J’ai fait lire ce texte fictif à des personnes de mon entourage. Je leur ai ensuite demandé de me décrire la photo qu’elles ont imaginée. « Ce sont des nerds à lunettes, cheveux frisés et habillés de façon classique », a répondu l’une d’elles. Tous des hommes ? « Oui. » « Ils sont jeunes, a dit une autre. Avec des airs de savants fous. » Des hommes ? Encore oui. Mais « j’aurais aimé imaginer des filles ! » a-t-elle répliqué.
Ce n’est malheureusement pas étonnant. Déjà, quand on entend le nom commun scientifique, on a tendance à voir plus souvent un homme qu’une femme. Le fameux test Draw-a-Scientist, dans le cadre duquel on demande à des enfants de dessiner une personne de science, le démontre depuis les années 1960, et cela, même si la langue anglaise est plus neutre (a scientist n’est ni masculin ni féminin). Les enfants dessinent des hommes dans 72 % des cas, selon une méta-analyse de 2018. S’il s’agit d’une amélioration par rapport aux premiers résultats obtenus, où les dessins de femmes étaient rarissimes, le taux ne suit pas l’accroissement réel de la présence des femmes en science.
Avec une langue genrée comme le français, si l’on demandait aux enfants de dessiner un scientifique, ils ne marqueraient aucune hésitation. Même chose chez les adultes : c’est ce qui s’est passé quand mon entourage s’est construit une image mentale des physiciens. Également, les grandes auteures (ou autrices) d’un article scientifique se trouvent cachées derrière les auteurs, terme pourtant censé tous (et toutes !) les désigner. Cela parce qu’en français « le masculin l’emporte sur le féminin » ou encore parce que son emploi pour désigner des hommes et des femmes « permet d’alléger le texte ».
Bogue du cerveau
Débattre du genre des physiciens, aussi inutile que délibérer sur celui des anges ? Sûrement pas ! Non seulement les femmes sont en minorité en physique et dans plusieurs autres disciplines, mais on masque leur présence par la langue. Des sociolinguistes, des psycholinguistes et des neuropsychologues affirment qu’il est temps de changer nos façons d’écrire et de parler.
Leur argumentaire se base sur les données probantes qui sont plutôt convaincantes : notre langue invisibilise très souvent les femmes, qu’elles soient scientifiques ou pas. Je vous invite à regarder la vidéo de la vulgarisatrice scientifique Viviane Lalande, alias Scilabus, sur le sujet. Il vous apparaîtra clair que le langage modifie notre perception du monde. Est-ce un hasard si une étude de 2012 comparant 111 pays a observé que dans les régions où une langue genrée est parlée l’égalité entre les hommes et les femmes est moins grande ?

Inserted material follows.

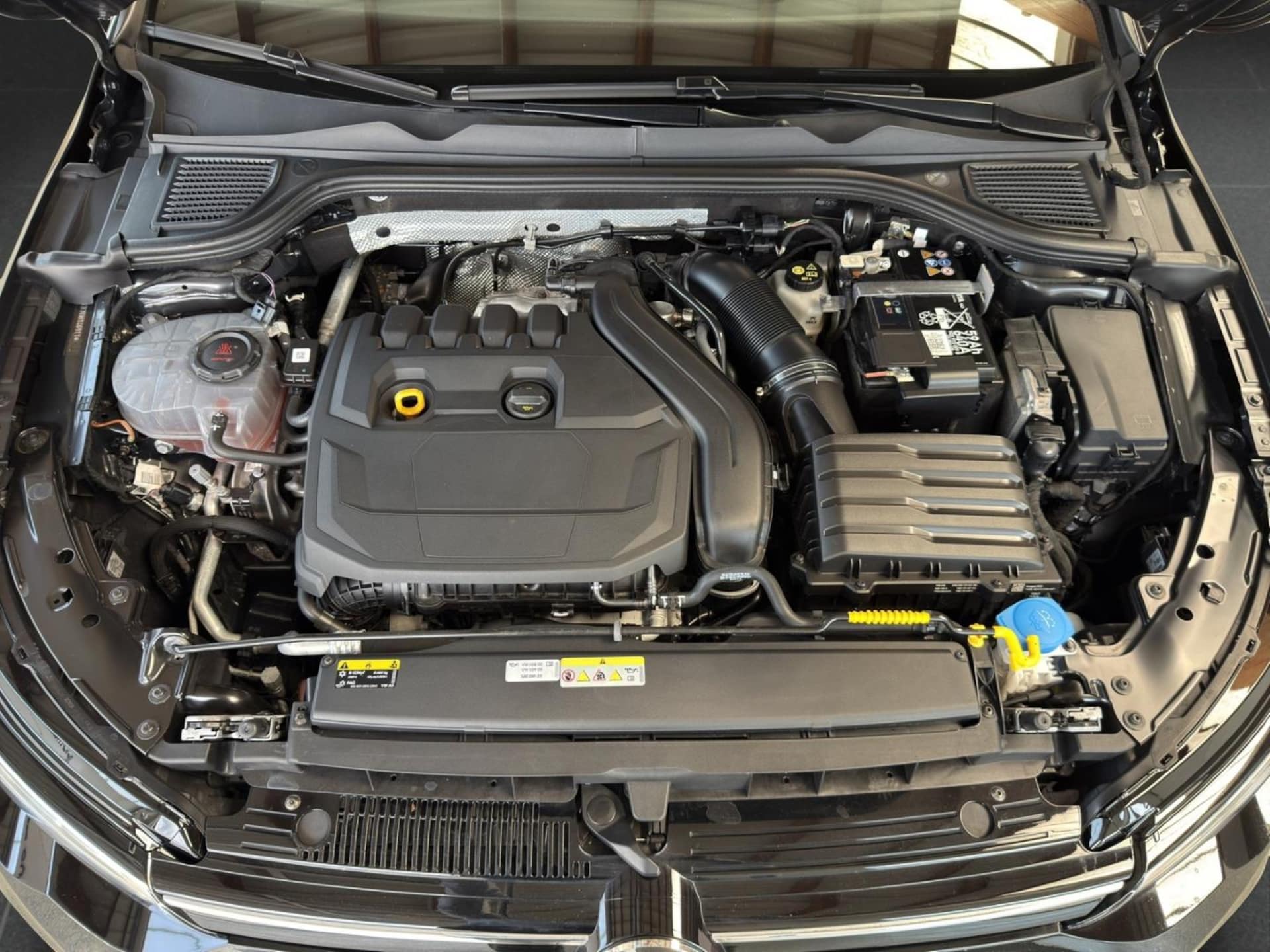 Volkswagen Golf Variant Life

À qui la faute ? En partie à notre ciboulot, écrivent trois chercheurs (dont deux chercheuses ) de Suisse et de Norvège dans leur livre Le cerveau pense-t-il au masculin ? paru en 2021. « Tout se passe comme si notre cerveau ne semblait pas pouvoir se passer d’attribuer un genre aux personnes qu’on lui présente. Or, dans les langues où le féminin et le masculin cohabitent, lorsqu’on présente au cerveau des personnes utilisant la marque grammaticale masculine, celui-ci forme spontanément des représentations masculines. » C’est ce qui fait que votre cerveau boguera en lisant ce qui suit : Les physiciens sont sortis du laboratoire. Celles qui voulaient poursuivre la discussion se sont assises au parc. La phrase est pourtant grammaticalement correcte.
La faute revient également à certains grammairiens d’un temps révolu (espérons-le). Dans l’ouvrage Non, le masculin ne l’emporte pas sur le féminin, Éliane Viennot, professeure émérite de littérature à l’Université Jean Monnet Saint-Étienne, explique que le masculin était beaucoup moins dominant jusqu’au 17e siècle.

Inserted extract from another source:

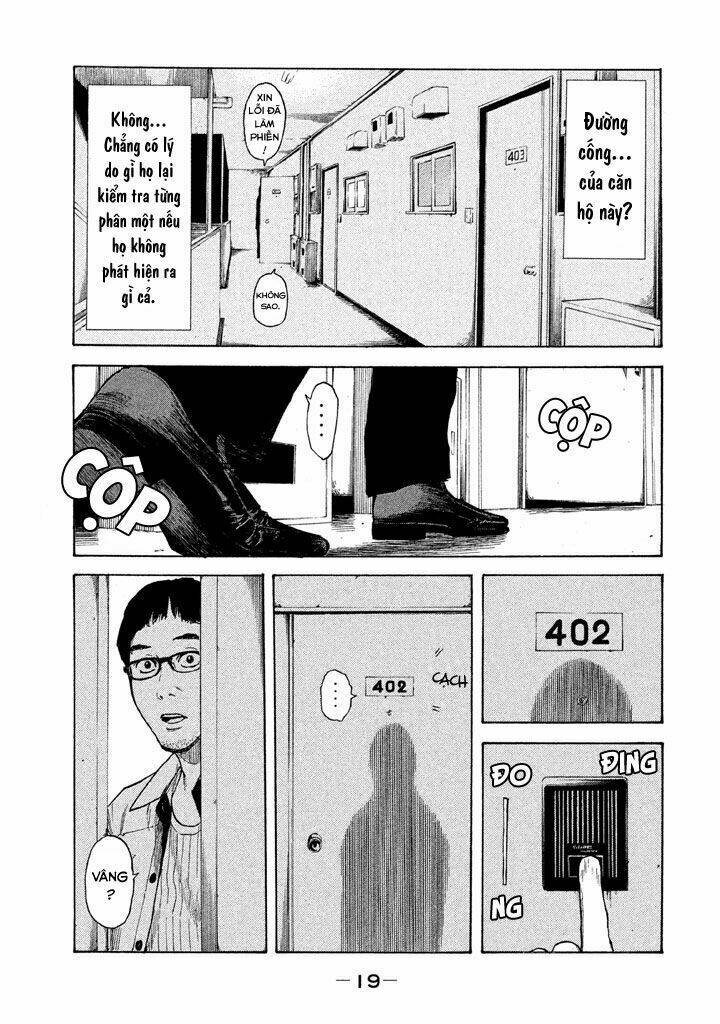 My Home Hero Chapter 8 - Trang 2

Puis, les grammairiens ont étendu son influence sous prétexte que les hommes étaient plus nobles que les femmes. Le mot autrice a aussi disparu, comme pour signaler que l’écriture était une affaire d’hommes. Et soulignons que le nom aigle était au départ féminin, avant qu’on se ravise au 19e siècle ; l’animal était bien trop majestueux pour ne pas se parer du genre masculin.
Information incomplète
Mon groupe de physiciens fictif aurait pu comprendre Pauline Gagnon. Québec Science a interrogé cette scientifique et grande vulgarisatrice à plusieurs reprises. Elle prend toujours la peine de dire « les physiciens et les physiciennes » quand elle explique le travail de sa communauté. Voilà qui est embêtant pour le ou la journaliste qui tente de mettre le plus d’information possible dans un espace limité.
Mais le terme physiciens employé seul transmet-il une information complète s’il nous fait imaginer un groupe exclusivement masculin ? Est-ce du bon journalisme ? D’ailleurs, comme l’immense majorité des médias, Québec Science n’a pour l’instant pas adopté l’écriture inclusive, contrairement à plusieurs universités et associations scientifiques, où elle est la norme. La réflexion est certainement en marche chez nous, bien que le sujet soit controversé dans l’espace public.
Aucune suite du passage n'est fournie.